Brodo: Ditolak Puluhan Kali karena Kaki Ukuran 46, Kini Menjadi Brand Sepatu Pria Ikonik Indonesia

Berawal dari kesulitan mencari sepatu ukuran 46, Yukka Harlanda membangun BRODO menjadi salah satu brand sepatu pria paling ikonik di Indonesia. Simak kisah inspiratif tentang inovasi, sistem bisnis, dan strategi membangun brand lokal yang bertahan.

Banyak orang memulai bisnis karena melihat peluang pasar.

Namun, ada pula bisnis besar yang lahir dari sebuah masalah yang sangat pribadi.

Itulah kisah Brodo, brand sepatu pria asal Indonesia yang kini dikenal luas. Sulit dipercaya, semuanya berawal dari satu persoalan sederhana: seorang mahasiswa yang kesulitan membeli sepatu karena ukuran kakinya terlalu besar.

Di balik perjalanan tersebut, tersimpan pelajaran berharga tentang inovasi, sistem bisnis, dan keberanian membangun sesuatu dari nol.


Berawal dari Kaki Ukuran 46

Yukka Harlanda memiliki ukuran kaki 45–46.

Bagi sebagian orang mungkin terdengar sepele.

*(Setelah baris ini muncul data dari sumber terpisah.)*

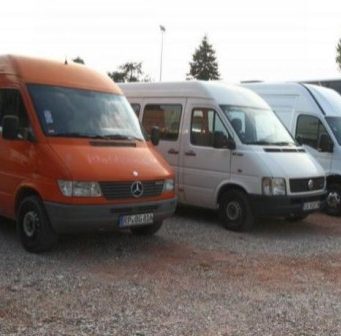 Перевозчики настаивают на поднятии тарифов, угрожая забастовками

Namun, di Indonesia ukuran tersebut membuatnya kesulitan mencari sepatu yang nyaman sekaligus berkualitas.

Jika ingin membeli sepatu yang bagus, pilihannya hanya produk impor dengan harga di atas Rp2 juta.

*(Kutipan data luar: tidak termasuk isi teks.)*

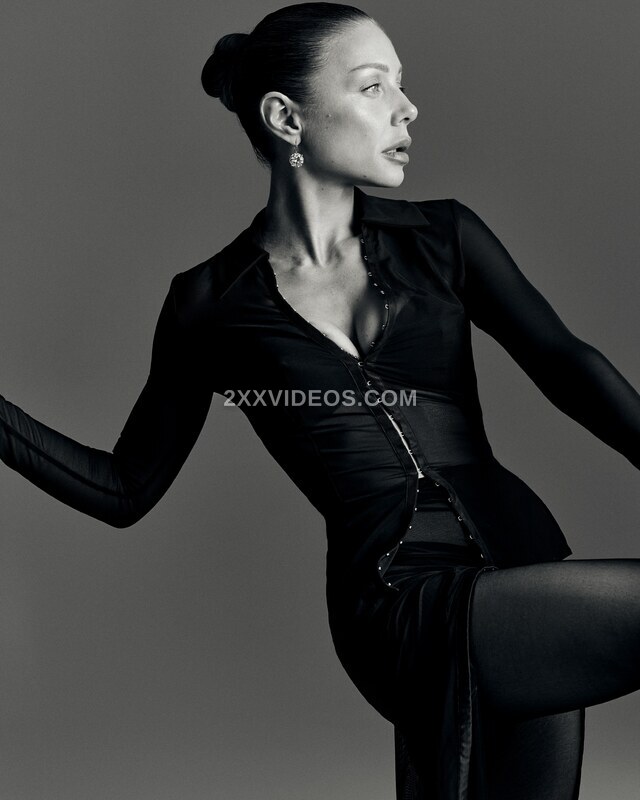 Tina karol photo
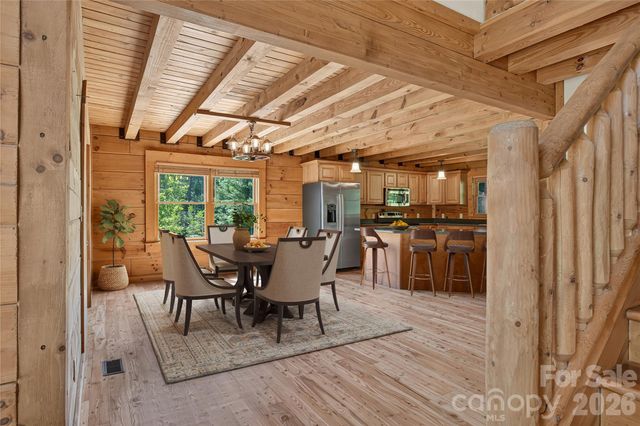 335 Whites Lake Boulevard, Saluda, NC 28773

Sementara produk lokal yang tersedia saat itu sangat terbatas, baik dari segi ukuran maupun desain.

Suatu hari seorang temannya memberikan saran sederhana.

“Coba ke Cibaduyut.”

Yukka pun datang dengan harapan bisa memesan satu pasang sepatu sesuai kebutuhannya.

Yang terjadi justru di luar dugaan.


Ditolak Puluhan Pengrajin

Satu per satu pengrajin menolak pesanannya.

Alasannya sederhana.

Mereka tidak ingin memproduksi hanya satu pasang sepatu.

Barulah setelah mendatangi banyak pengrajin, seorang pengrajin bernama Syaiful bersedia menerima pesanan tersebut.

Yukka membawa desain hasil modifikasi yang ia buat sendiri berdasarkan referensi dari internet.

Hasilnya sangat memuaskan.

Sepatu kulit berkualitas premium itu selesai dengan harga hanya sekitar Rp300.000–Rp500.000, jauh lebih murah dibandingkan produk impor.


Sebuah Pertanyaan yang Mengubah Segalanya

Ketika mengenakan sepatu tersebut di kampus ITB, banyak teman mulai bertanya.

“Beli di mana?”

Pertanyaan sederhana itu membuka peluang yang tidak pernah terpikir sebelumnya.

Jika dirinya membutuhkan sepatu seperti ini, kemungkinan masih banyak orang lain yang mengalami masalah serupa.

Dari situlah ide bisnis mulai muncul.


Modal Hanya Rp7 Juta

Yukka kemudian mengajak rekannya, Putera Dwi Karunia, untuk memulai usaha.

Masing-masing mengeluarkan modal Rp3,5 juta, sehingga total modal awal hanya Rp7 juta.

Dengan dana tersebut mereka memesan 40 pasang sepatu kulit dari Cibaduyut.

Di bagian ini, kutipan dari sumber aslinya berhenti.